Russia’s Foreign Ministry on Tuesday accused Israel of supporting neo-Nazis in Ukraine, a day after Israel expressed outrage over Russian Foreign Minister Sergey Lavrov’s claim that Hitler had Jewish blood.
The charge came after the Israeli Foreign Ministry summoned the Russian Ambassador to Israel Anatoly Viktorov for a “tough conversation” in the wake of Lavrov’s incendiary remarks.
The two sides agreed that moving forward, they would refrain from speaking about the matter in public, The Jerusalem Post reported, citing a diplomatic source.
However, Russia’s foreign ministry still went ahead with a statement claiming that Foreign Minister Yair Lapid’s comments condemning Lavrov were “anti-historical” and “explaining to a large extent why the current Israeli government supports the neo-Nazi regime in Kyiv.”
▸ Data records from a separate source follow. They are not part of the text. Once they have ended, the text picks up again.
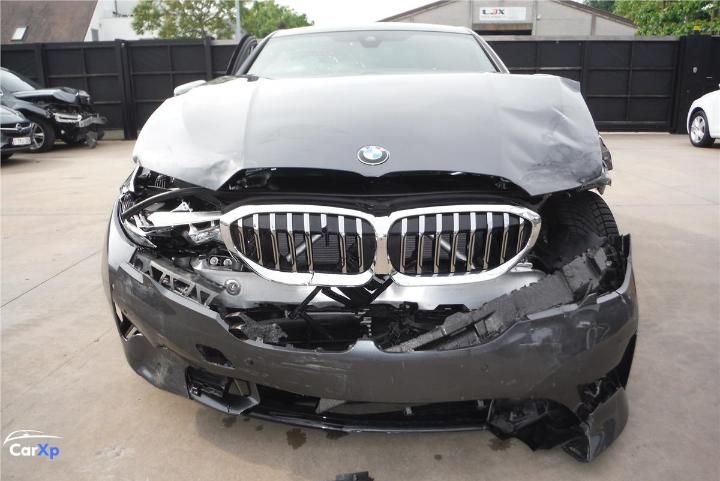 Photo 23 VIN: WBA5P31070FK59323 - BMW 3 SERIES SALOON 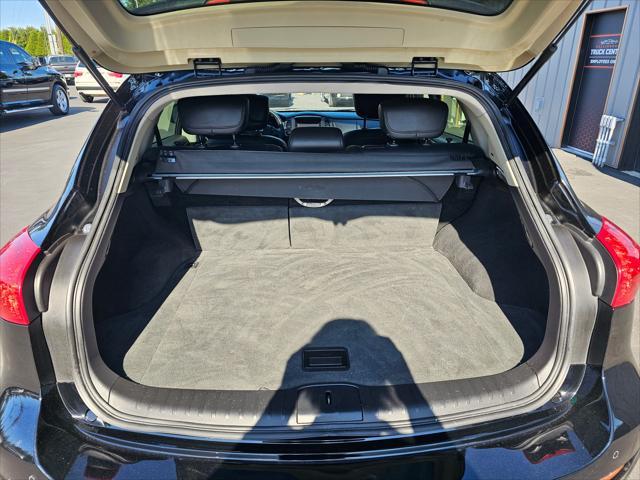 used 2016 INFINITI QX50 car, priced at $14,850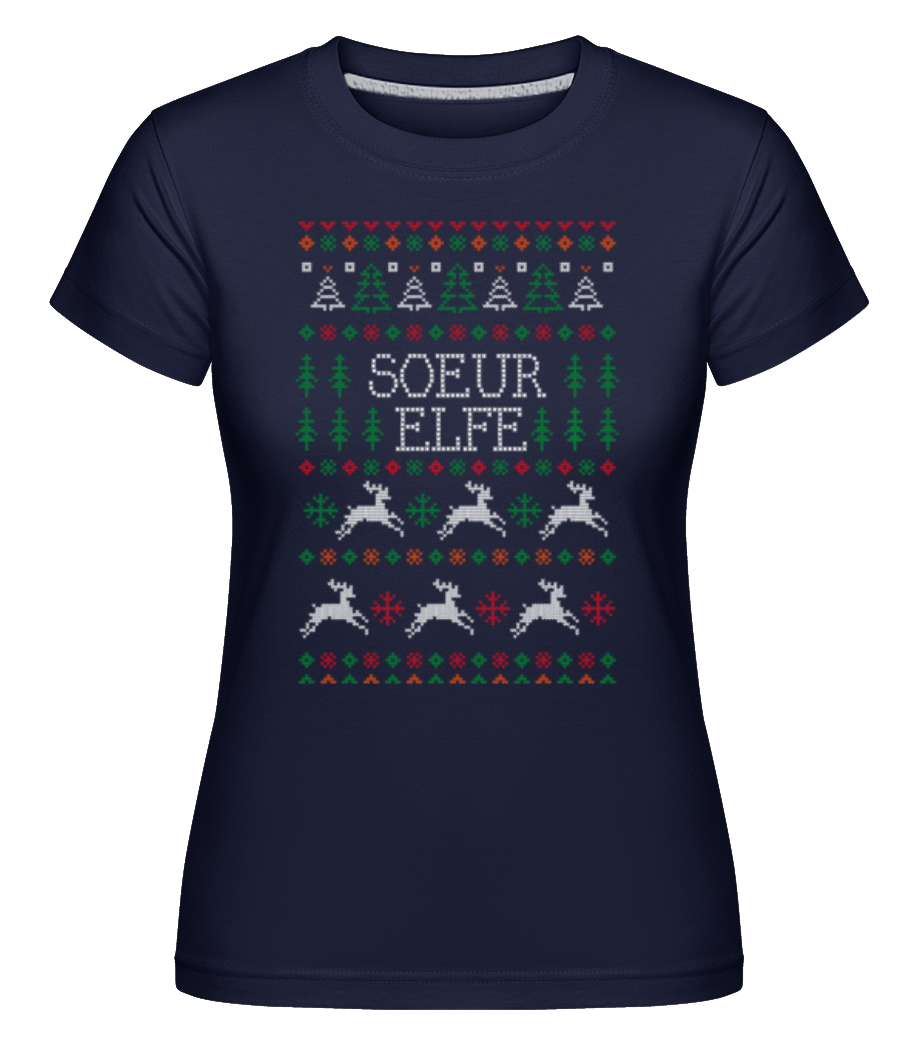 Soeur Elfe ·  T-shirt Shirtinator femme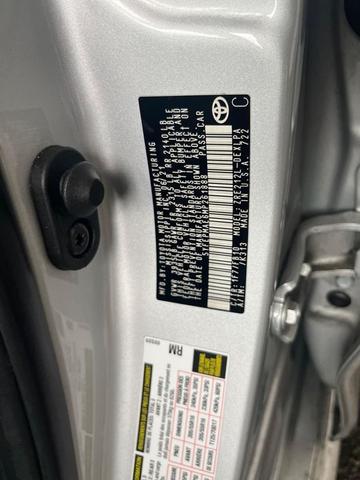 Photo of 2021 Silver Toyota Corolla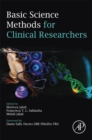 Basic Science Methods for Clinical Researchers - eBook
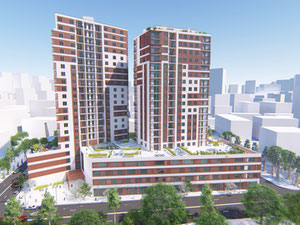 נדל"ן ב Taha Plaza  — עיין במנוע חיפוש הנדל"ן GEOLN.COM. תמונה 3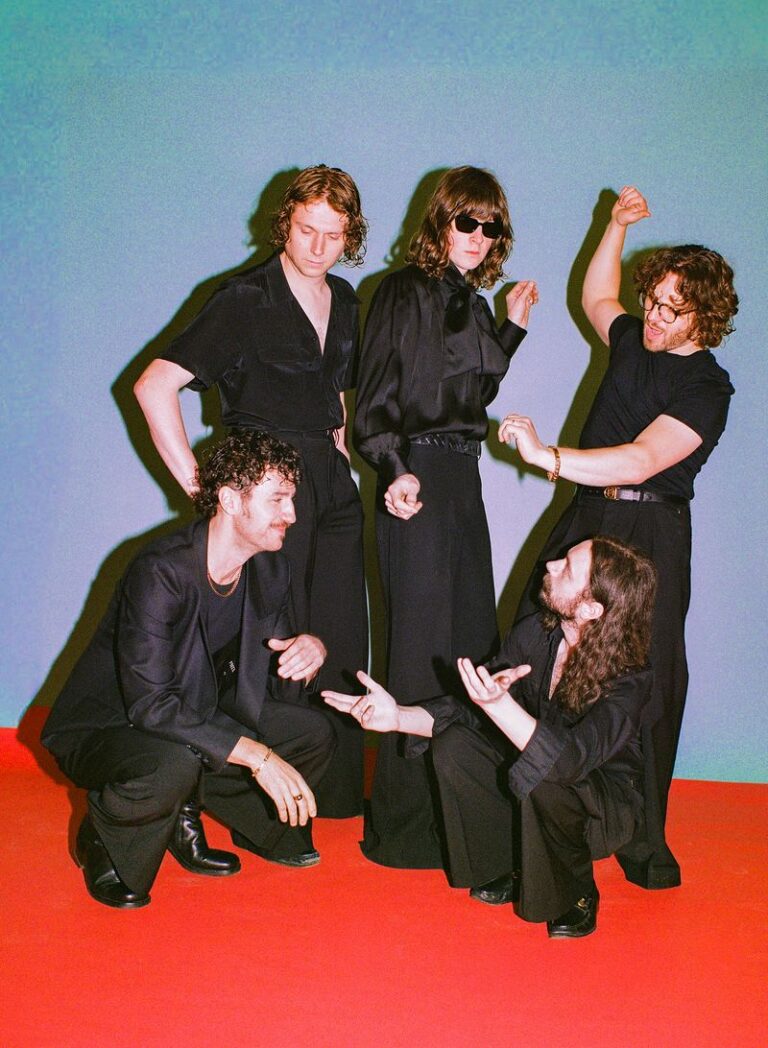 Stockport Indierockers Blossoms Book Huge Manchester Co-op Live Date Alongside New Album Launch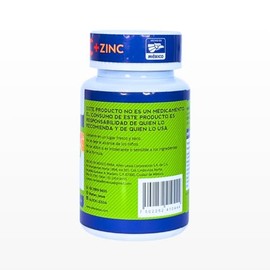 VITAMINA C + ZINC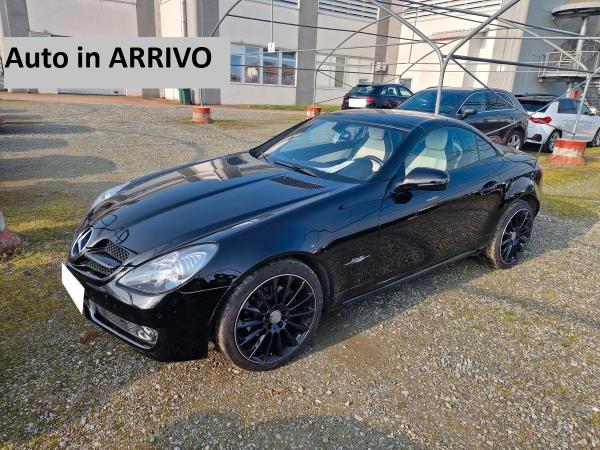 Mercedes SLK Roadster SLK 200 k 2Look edition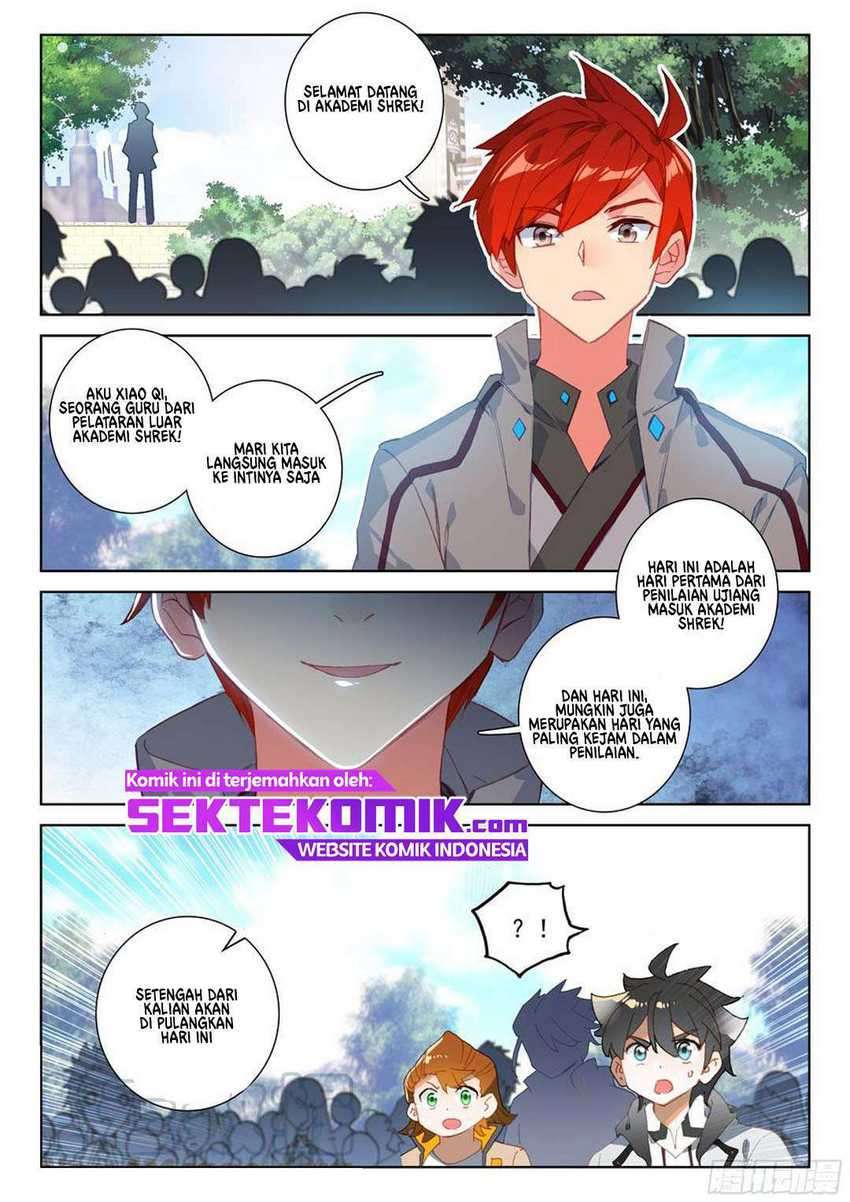 Soul Land IV – The Ultimate Combat Chapter 134 Gambar 17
Moscow also doubled down on Lavrov’s explanation that Ukrainian President Volodymyr Zelensky’s Jewishness “does not negate the Nazi elements in Ukraine.”
“Antisemitism in everyday life and in politics is not stopped and is, on the contrary, nurtured [in Ukraine],” Russia’s Foreign Ministry said in the statement.
In his remarks on Italian television on Sunday, Lavrov said: “When they say ‘What sort of denazification is this if we are Jews’, well I think that Hitler also had Jewish origins, so it means nothing.”
“For a long time now we’ve been hearing the wise Jewish people say that the biggest anti-Semites are the Jews themselves,” he added.
Lapid on Tuesday declined to elaborate on the details of the meeting between his office and Viktorov, saying that “if you summon an ambassador, you don’t publicize the details of the conversation.”
However, he went on to say that “you would be correct to assume that it was a very tough conversation.”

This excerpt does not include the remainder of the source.